China’s recent real estate problems were very much reminiscent of the 2008 housing crisis in the US, and the issues in China could spill into other major sectors if they persist; as Finbold reported earlier, it has already affected youth employment.

While China’s growth stalls, the homebuyers refusing to pay their mortgages has brought developer issues into the news once again. Yifan Hu of UBS (SWX: UBSG) Global Wealth Management, joined CNCBs Opening Call to discuss China’s housing and recovery path, which she sees as volatile and bumpy. 

“For the overall market, I think that currently, we come out with some of the policy to mainly try to stabilize markets rather than bail out developers. So and also the housing market in our view for the second half will continue to decline.” 

She added: 

“So with the high-frequency data for the first two weeks in August, we say like has still down by 20%. However, that’s a narrowing from the minus thirty percent. So on one side, we think the housing market is still a drag, but that gradually it will perform better than the first half.”

Market stabilization

Hu stressed that China would be looking to stabilize the markets through effective policy and rate cuts, all aimed at simply stabilizing the markets and preventing a spillover effect into other areas of the economy. 

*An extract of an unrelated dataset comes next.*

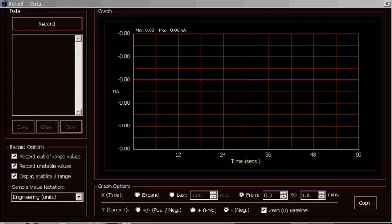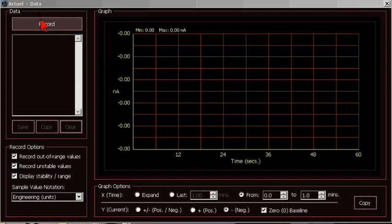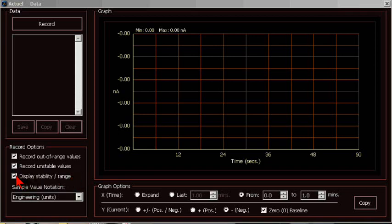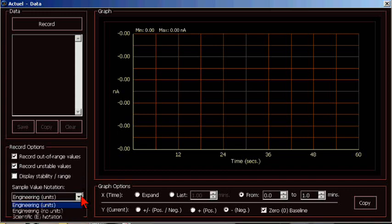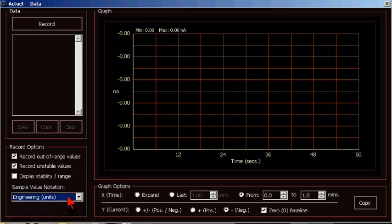The record options include out of range, unstable, and stability. By default, out of range and unstable are selected. The notation can be engineering with or without units, such as nanoamps or microamps, or scientific notation. I like engineering with units. These options are only for the raw data. The actual graph will always show nanoamps, microamps, or milliamps.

“For the housing market, the target is to stabilize our market. So recently we saw that for some of the LPL cuts and also for the banking loan supports with the effective local policy and also central governments <…>, so that’s all trying to stabilize the market.” 

Additionally, Hu claims that there will still be some pressure on property and equity markets but the general impact on the overall economy will be less than what was experienced in the first half of the year. 

Even if effective policy and stimulus switch property sales into growth mode next year, the deterioration seen in homebuyers’ confidence could stall the recovery, as they are currently refusing to pay mortgages to protest construction delays for apartments they already paid for. 

Finally, if this growing pain in the housing sector drags on, there is a real possibility of it negatively affecting other industries through next year.